> [WORK TO COMPLETE]:
Starting at the first line of the records below, reproduce every line up to and including the line with "And what happened", but leave out all pictures.
- - - - -
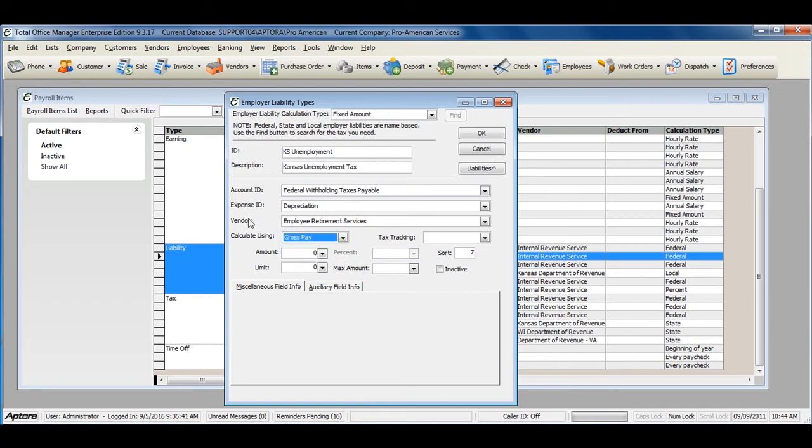If you are unsure of what accounts should be selected or assigned to your liability items, contact your accountant for advice on assigning Chart of Accounts to employer liability payroll items.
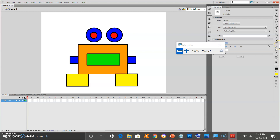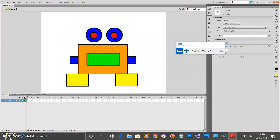And there you go. If you want to enhance your robot, you may do so. Do not forget to add your creativity. That will be all, and thank you.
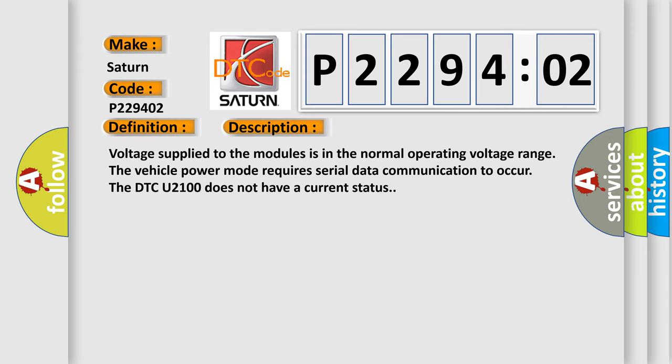Voltage supplied to the modules is in the normal operating voltage range. The vehicle power mode requires serial data communication to occur. The DTC U2100 does not have a current status.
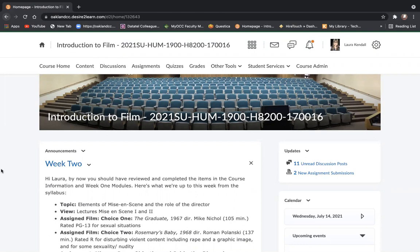Hi everyone, it's Ms. K. I want to go over the response paper assignment in this eight-week accelerated semester.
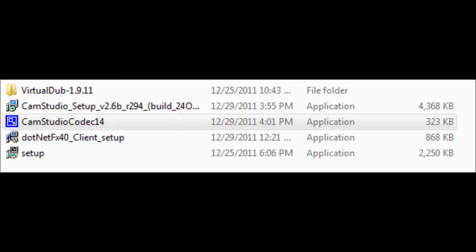And what happened was CamStudio, they changed what they were doing with where you were downloading their files from because originally they were all going to their site and you would just download it from there.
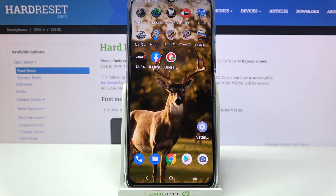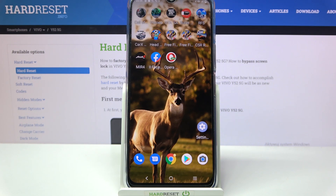Hi! In front of me is Vivo Y52FG and today I would like to show you how you can download and apply iOS Launcher on this device.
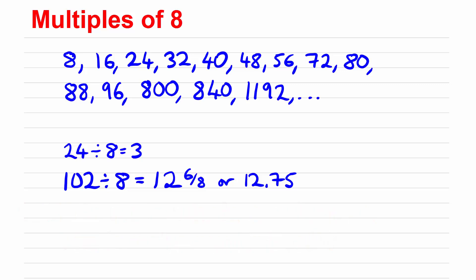Another important thing to look at with multiples is the lowest common multiple when you've got two or more numbers so we'll look at that in the next video.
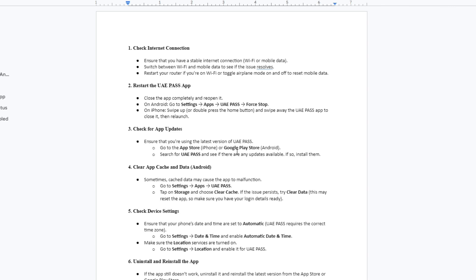You can also ensure that your phone's date and time are set to automatic. UAE Pass requires the correct time zone. To do that, go to Settings, tap on Date and Time, and enable Automatic Date and Time.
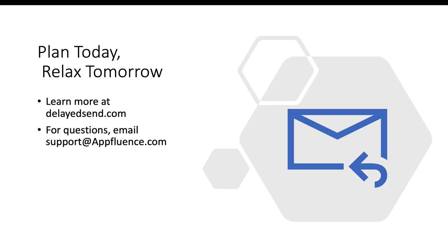Get started with Delayed Send today and reach out with any questions. Thanks for listening!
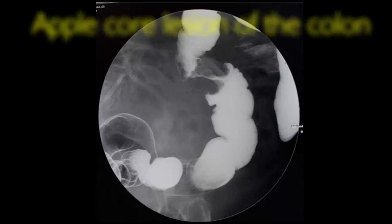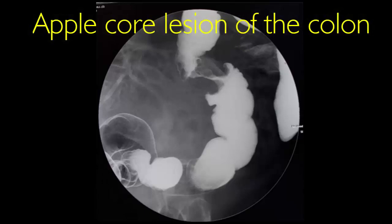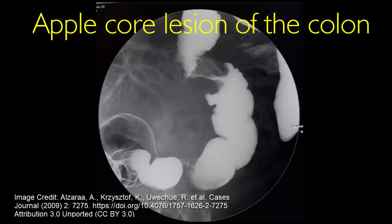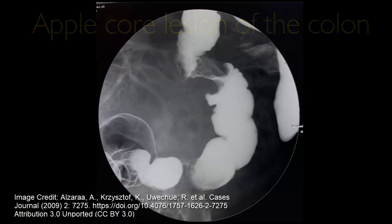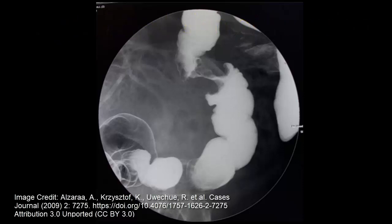Apple core lesion of the colon. In one of the lessons on intestinal obstruction we mentioned apple core lesion of the colon. In this video we will discuss a bit more about such lesions.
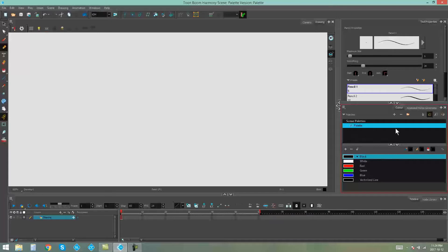This is one type of palette that you can use in a Harmony scene, but another type of palette that we have is called the Pencil Texture Palette. And this is kept separate from your scene palettes.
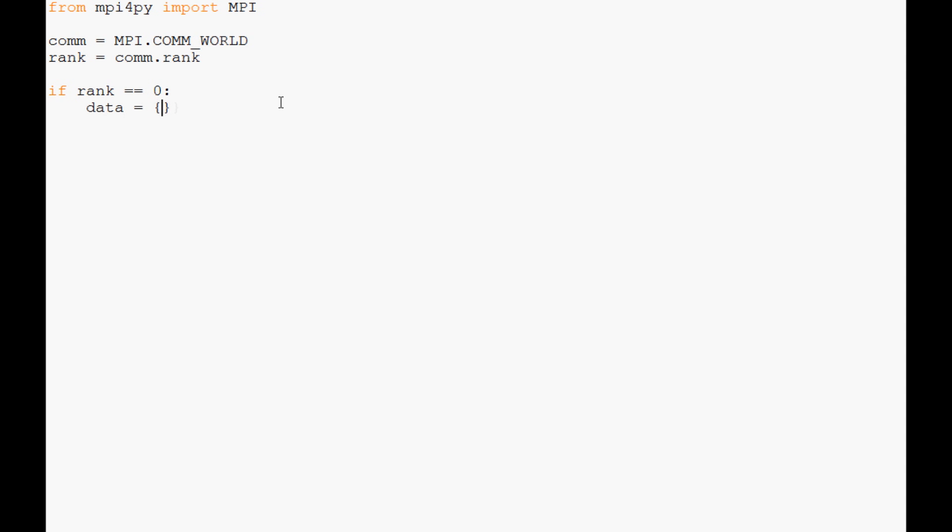We're going to say 'a' corresponds to the first letter, 'b' corresponds to the second letter, and 'c' corresponds to the third letter. So that's our data, it's just a dictionary of ABC and what number they rank in the alphabet. Now if we're the master node, we specify this is the data.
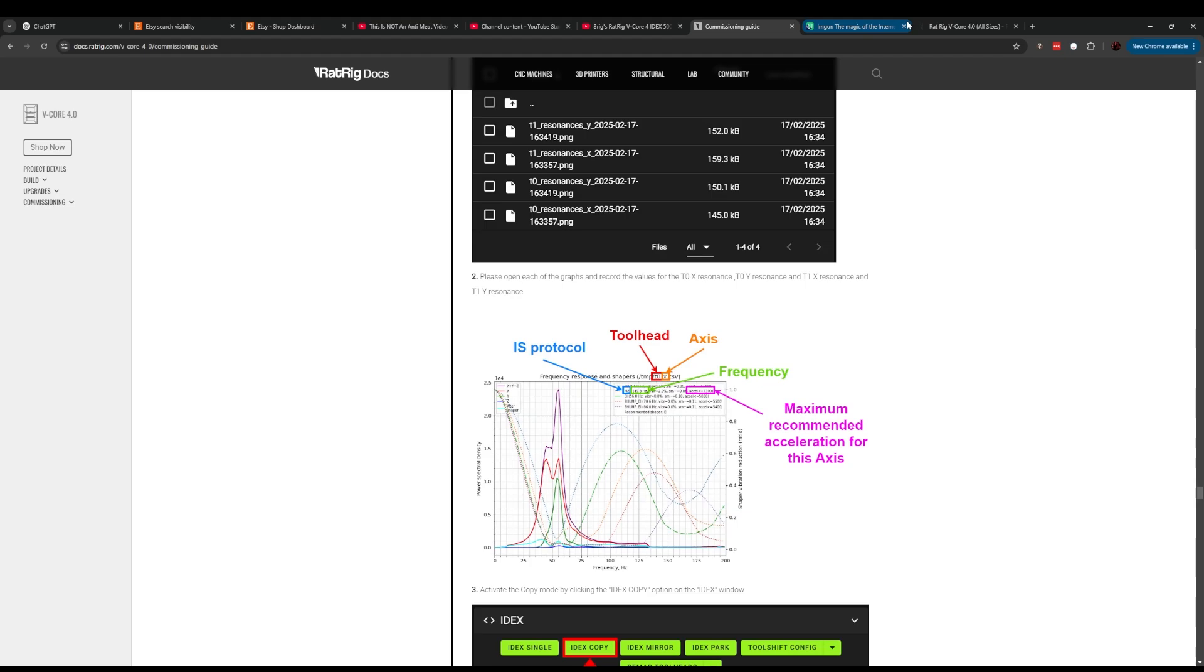I feel like if that's the case with IDEX, maybe just be more transparent with the users about what they can expect performance wise before they buy the machine. They shouldn't find out about this in the commissioning guide is what I'm saying.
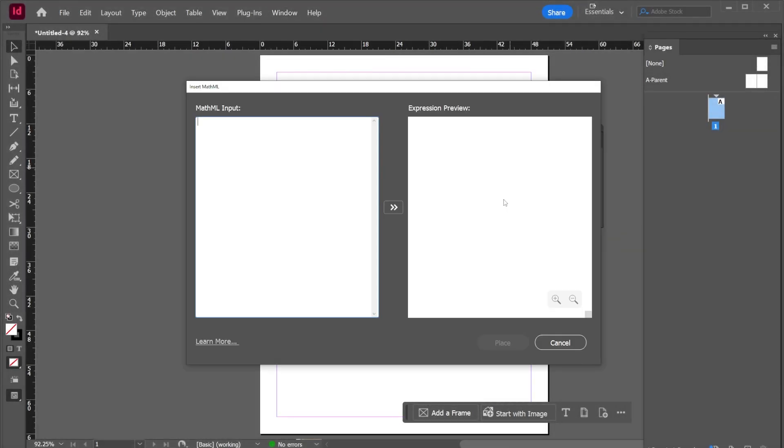As mentioned I'm no mathematician so I'm using some math that I got from ChatGPT. I asked for a complex expression and this is what it gave me.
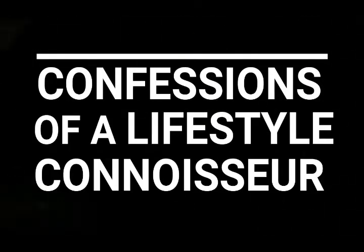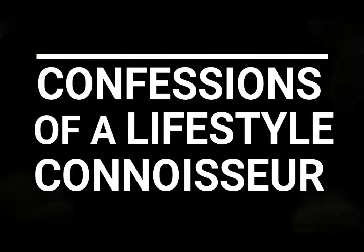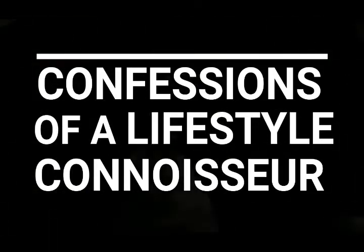These are confessions of a lifestyle connoisseur. I'm pretty sure you've never felt this kind of rule.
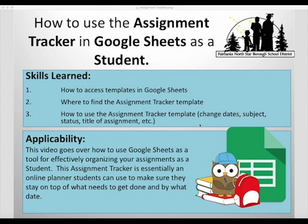You'll learn how to access templates in Google Sheets, where to find the Assignment Tracker template, and how to change dates, subject, status, and title of assignments in the Assignment Tracker.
- - - - -
> [SOLUTION BELOW]:
If you are unsure of what accounts should be selected or assigned to your liability items, contact your accountant for advice on assigning Chart of Accounts to employer liability payroll items.
And there you go. If you want to enhance your robot, you may do so. Do not forget to add your creativity. That will be all, and thank you.
Voltage supplied to the modules is in the normal operating voltage range. The vehicle power mode requires serial data communication to occur. The DTC U2100 does not have a current status.
Hi everyone, it's Ms. K. I want to go over the response paper assignment in this eight-week accelerated semester.
And what happened was CamStudio, they changed what they were doing with where you were downloading their files from because originally they were all going to their site and you would just download it from there.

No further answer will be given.